Why are algorithms and data-driven models only available for the few domain experts who also are fluent in advanced software coding? We certainly don’t believe this should be the case.
We are making them available to the rest of the world — particularly to non-coding domain experts.
For many years industrial data scientists have been building smart algorithms to solve complex industrial problems. They are now available in a no-code drag-and-drop intuitive interface. Liberate your data and empower domain experts the tools to drive impact every day.
Cognite Charts includes several data science toolboxes that provide subject matter experts (SMEs) out-of-the-box algorithms to process and manipulate data, conduct root cause analysis (RCA) and develop solutions without having to code.
The toolboxes cover basic operations, statistical methods, data transformation, and advanced models. They work out-of-the-box with Cognite Charts, and we will continuously add new algorithms, features, and functionality.
You can view the detailed documentation for our Industrial Data Science Library (InDSL) by clicking here. Of course, you will find and use all of the functions and algorithms in the InDSL via the calculation builder in Charts (charts.cogniteapp.com).
Below, we’ve included a brief description of the different types of toolboxes available in Charts.
The Operators toolbox contains all the standard arithmetic and algebraic operations that you can use with time series data (addition, subtraction, multiplication, division) and more advanced calculations such as differentiation, integration, time series mapping, and more.
Filters are algorithms that remove parts of a time series to capture the underlying signal. For example, low-pass filters remove the high-frequency noise of a time series. You can also use filters in conjunction with event detectors to remove undesired phenomena in a time series. For instance, you can use an anomaly detector to map the time series to a binary array indicating the presence or absence of an anomaly. Then apply a boolean mask on the raw time series to remove all detected anomalies.
You can map time series to a set of discrete variables that indicate the presence or absence of an event. For instance, a steady and transient operation can be determined when large step-changes occur in the sensor reading (potentially due to valve changes, start-ups, etc.). Another example is anomalies where significant unexpected changes in the sensor reading can occur before returning to normal behavior (e.g., spike in value). The Detect module contains algorithms that perform this task of mapping continuous time series to discrete variables based on the behavior of the time series.

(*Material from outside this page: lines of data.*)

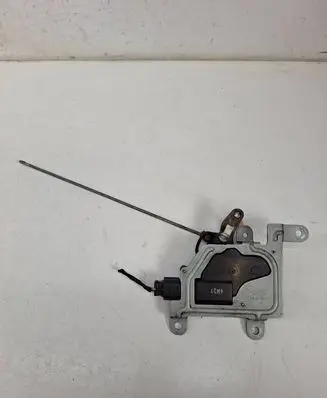 KIA Sorento Tailgate boot lock/latch motor 812403E000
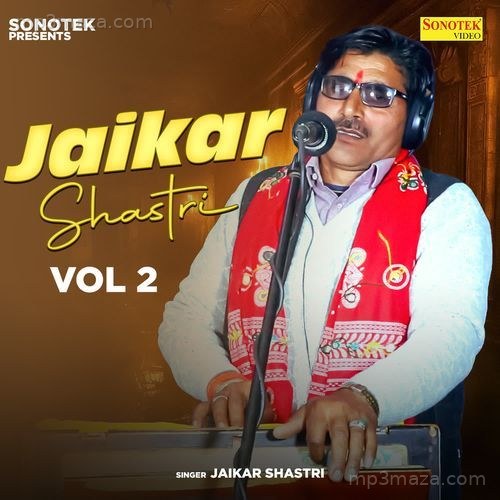Jaikar Shastri Vol 2
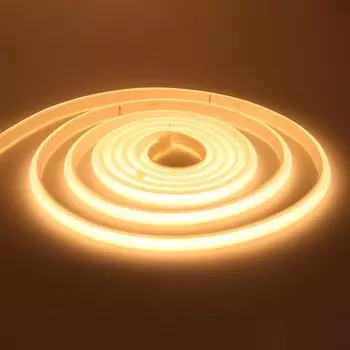 RGBCW LED лента 288 светодиодов 220В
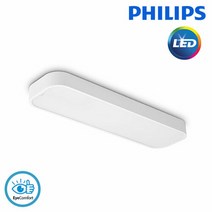 [소노조명] 필립스 시스템 LED 30W 주방등 주광색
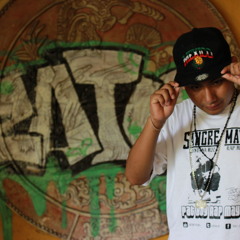 Rapeando Mayapax - PAT BOY RAP MAYA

Industrial data is in most cases non-uniformly sampled, and before using the data as part of a model with other time series, the data has to be pre-processed. Resampling data is a typical pre-processing step. The resample toolbox offers a variety of methods to resample your data. This toolbox provides classical resampling methods (e.g., interpolation) and advanced machine learning algorithms to down- or up-sample your data.

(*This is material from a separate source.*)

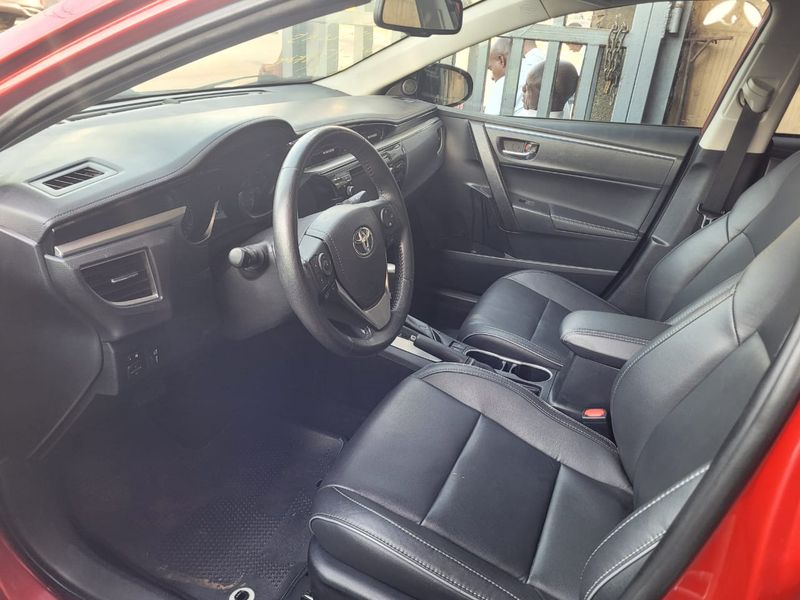 Toyota Corolla • 2023 • 3,000 km 4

Smoothers modify time series to boost the main underlying trend and remove fine-scaled phenomena. You can do this in several different ways. Some examples of smoothers found in this toolbox are: filter to remove higher frequency phenomena from the raw data (e.g. Butterworth or Chebyshev low-pass filters), regression-based smoothers that estimate the coefficients of a parametric function to predict the underlying signal, or moving averages that applying a rolling operation on a user-defined window.

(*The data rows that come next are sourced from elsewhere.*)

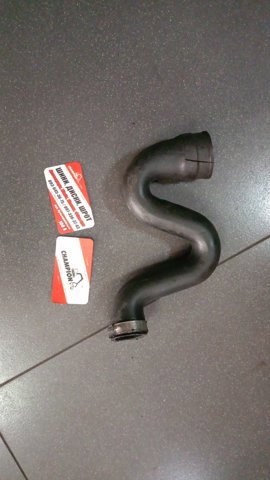 Патрубок повітряний, дросельної заслінки — фото 3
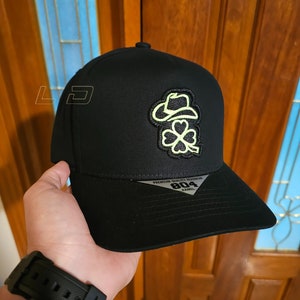 El Del Sombrero Mayiza Chapiza Jgl El Mayo Grupo Arriesgado Peso Pluma ...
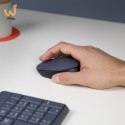 Mysz Logitech M170 910-004642 (optyczna; 1000 DPI; kolor szary; )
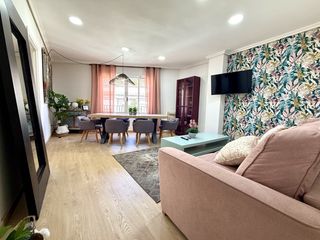 Appartement  Calle sequiota. Piso reformado en el centro de benicàssim  4 dormitorios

The Statistics toolbox offers various algorithms to describe, analyze, and model industrial time series data. This toolbox is ideal to describe your data, conduct root cause analysis and exploratory work. The algorithms range from descriptive statistics to linear and nonlinear regression analysis to ML methods (e.g., classification/clustering).
Accurate data is a fundamental part of any industrial model. This toolbox contains a collection of advanced algorithms to evaluate, monitor, and improve the data quality of time series. There are multiple dimensions regarding time series data quality: accuracy, timeliness, completeness, validity, consistency, uniqueness. The algorithms in this toolbox provide methods in all dimensions while focusing heavily on ACCURACY. If the data is not correct, the other dimensions are of little importance. Examples of functions found in this toolbox are data gap detection and filling, outlier detection and removal, and sensor drift.
The Regression toolbox focuses on using classical methods (linear and nonlinear models) and machine learning regression algorithms to describe the relationship between industrial data and physical parameters. It enables you to conduct semiautomatic mapping parameters to historical data and forecast its behaviors several steps into the future.
Oil and gas
This module contains algorithms particularly relevant to the oil and gas industry. You will find methods to estimate parameters such as the Productivity Index (gas flow rate divided by the difference between the reservoir and bottom hole pressures), pressure drop, single-phase flow rate, hydrostatic head, and many others.
The Forecast toolbox offers a variety of machine learning algorithms to forecast the behavior of industrial time series, with a particular focus on forecasting based on the correlation between a time series and physical parameters. Forecasting involves learning from historical data to make a prediction several time steps into the future. For industrial time series analysis, this typically involves pre-processing the data, training a parametric time series model, and then predicting the result by a user-defined number of steps into the future.